Table 2 Recurrence quantitative analysis variables and their interpretation

From: Nonlinear EEG biomarker profiles for autism and absence epilepsy

RQA variable

Symbol

Description

Recurrence rate

RR

The probability that a system state recurs in a finite time. RR has been found useful for detecting evoked response potentials (ERPs) using single trials [30].

Determinism

DET

DET comes from repeating patterns in the system and is an indication of its predictability. Regular, deterministic signals, such as sine waves, will have higher DET values, while uncorrelated time series, such as chaotic processes and random numbers, will cause low DET.

Laminarity

LAM

Laminarity represents the frequency of occurrence of laminar states in the system without describing the length of these laminar phases. More frequent appearance of laminar states may relate to more frequent “seeds” for synchronized dynamics [46], which may be related to epileptiform spiking on an EEG trace.

Max line length

L_max

Lmax is related to the largest Lyapunov exponent of a chaotic signal, which is a dynamic complexity measure that describes the divergence of trajectories starting at nearby initial states, [47]. Lower values are typically associated with pathological conditions [43, 48].

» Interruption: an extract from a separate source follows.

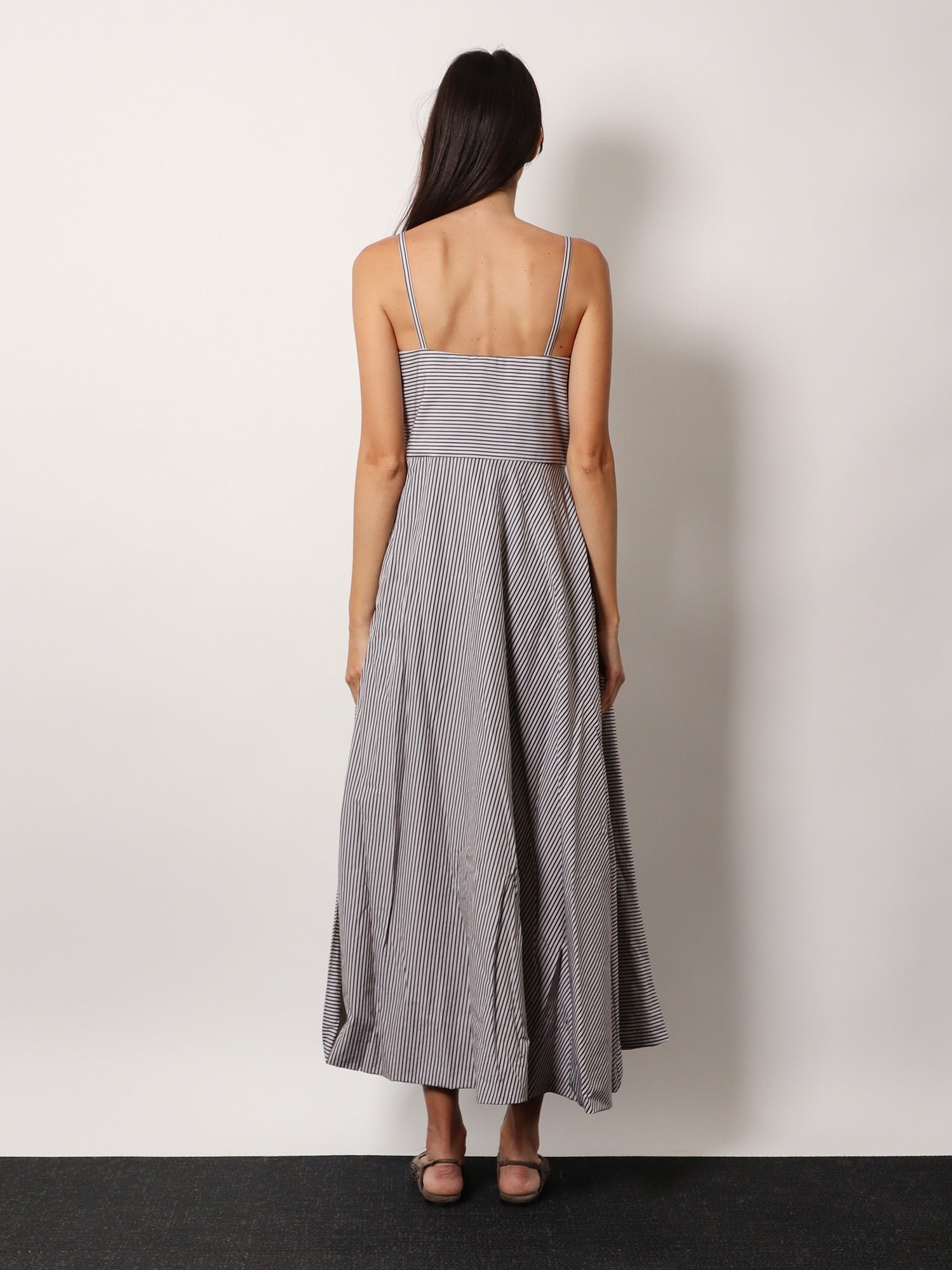 Brunello Cucinelli Vestido largo de algodón a rayas con panel ancho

Entropy derived from diagonal lines

L_entr

This measure of entropy is derived from the diagonal lines of the recurrence plot. It is related, but not identical to, other measures of entropy, such as the sample entropy used in previous studies [37]

Trapping time

TT

Trapping time is an estimate of the time that a system will remain in a given state - “trapped” state. Thus, lower TT values may be an indication of more frequent transitions between dynamical states and less system stability.